In 2020 I finally recognised that I am bisexual. I spent years and years completely unable to acknowledge this very important truth about myself. Yes, important! To hide anything of yourself, big or small, is a bad thing. 

Liberation

I can clearly feel the difference too. I’ve finally liberated myself from feeling dormant, uncertain and constantly doubtful of my creative choices. Since my late teens, I’ve always felt, despite my best efforts, I under achieved at everything. As if I was on the wrong path and I was the one standing in my own way. Now I know, that to feel successful and view the world through a positive lens, it is crucial that this aspect of me is firmly welcomed by the rest of my identity. This part of me that somehow got locked away all those years ago, was indeed fighting for my freedom. Maybe I will wonder, if only for a little while, what I could’ve said, done or become.

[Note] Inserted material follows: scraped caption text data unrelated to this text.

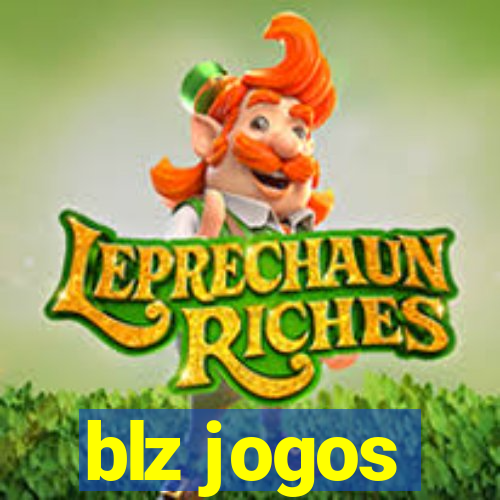 blz jogos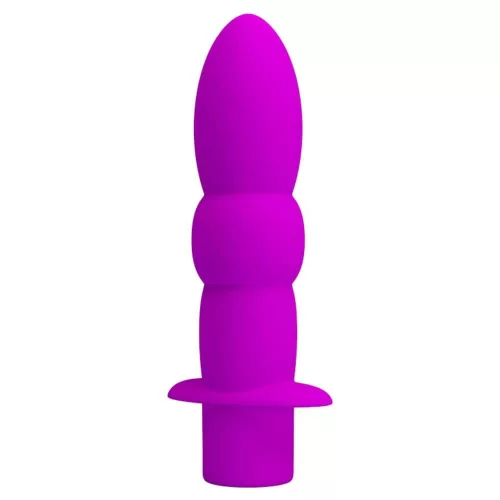 Pretty Love Wyatt Purple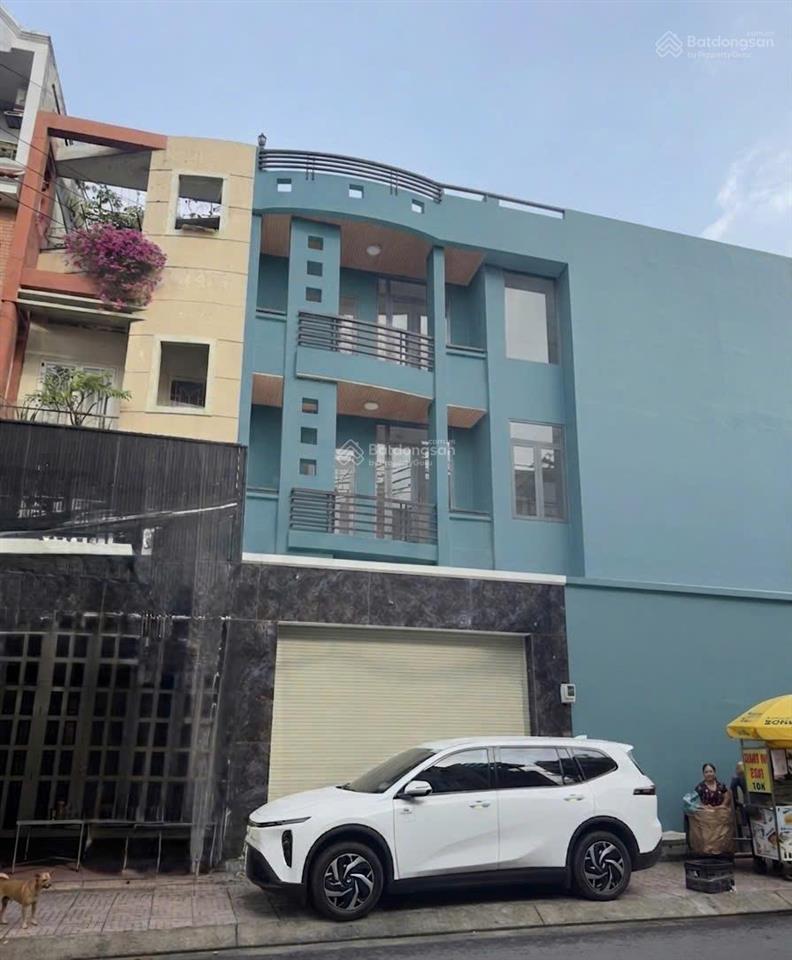 Siêu phẩm mặt tiền tân phú  ngang khủng hơn 5m  nhà mới tinh doanh ngay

It’s not difficult to see why this happened to me and why it continues to happen to others. Despite the fact that my sexuality would have been accepted by the world around me back in the late 90s, it is still the case today that queer people always have to go through this realisation phase.

Heteronormative World

And it goes far beyond having to rise above hate speech and ignorance (at least it should. Unfortunately we’re still fighting that). We live in a heteronormative world and we all assume our kids are straight. That convention alone is a very powerful and heavy anchor for someone who isn’t. Especially if the confidence you needed to come out, is the very thing that’s trapped inside. As a result, I buried my sexuality for a long time. I assumed the ‘phase’ was over and that, since I was married, it was irrelevant. 

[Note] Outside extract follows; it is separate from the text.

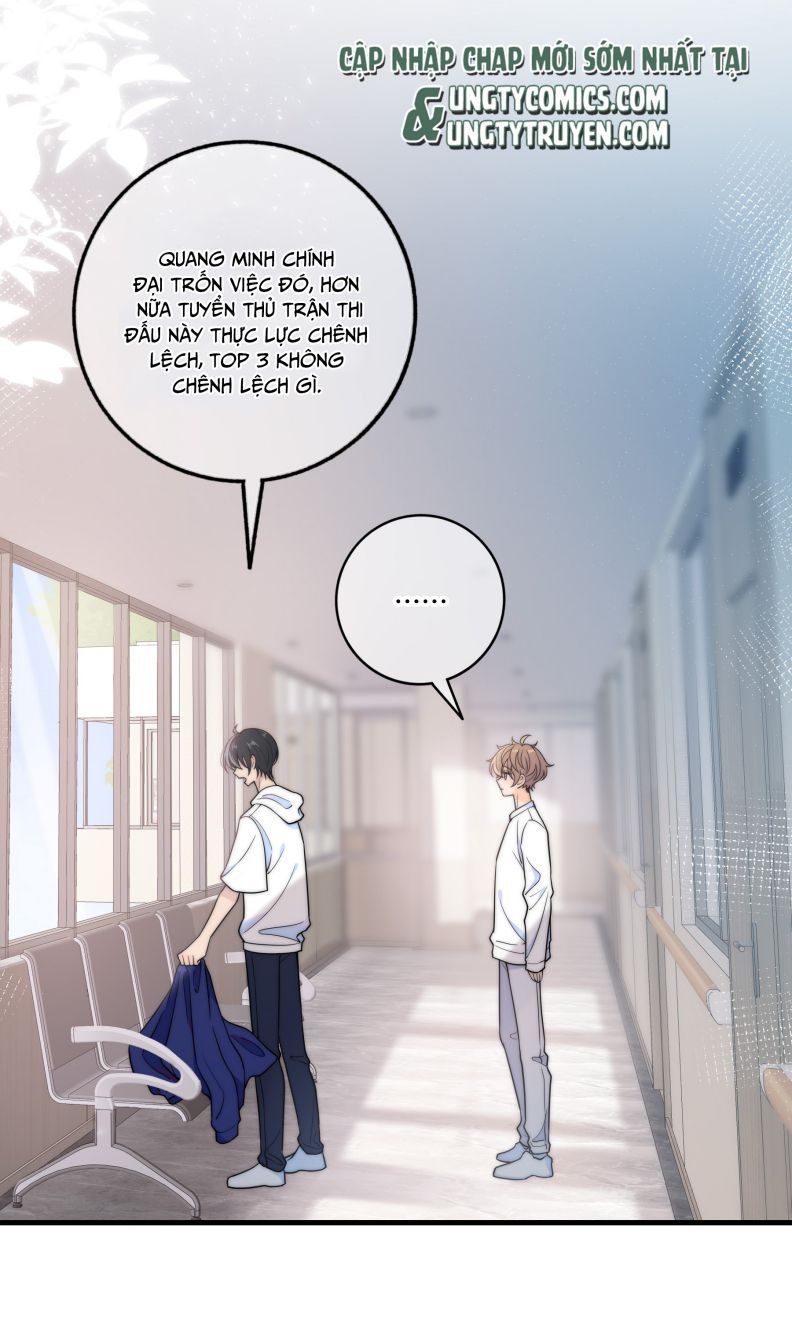 Gió Cung Bên Tai: Chapter 25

However, I see this with positivity and not regret. I’m finally giving myself freely to my creativity. It’s about understanding myself better, and the way in which I connect with people. That’s why creativity and sexuality are so integrated and central to our identity. I use what I create to build connections with people. And that’s why I’m so keen to share my journey through music. For the first time in my life, I know what I want to say, which part I want to share. So by simply being able to say that I am me, I see choices with more clarity. I feel less anchored, more lifted. I haven’t changed, I’m simply visible.

Now that I have this awareness, my hope is that my children, if they too fall outside ‘the norm’, won’t face all the same challenges. For their benefit, I can be proud. And even if it doesn’t reach them, it will reach the people around them. The reason why Pride looks so wonderful from the outside, is that it feels exactly that good on the inside. And every single person deserves to experience that.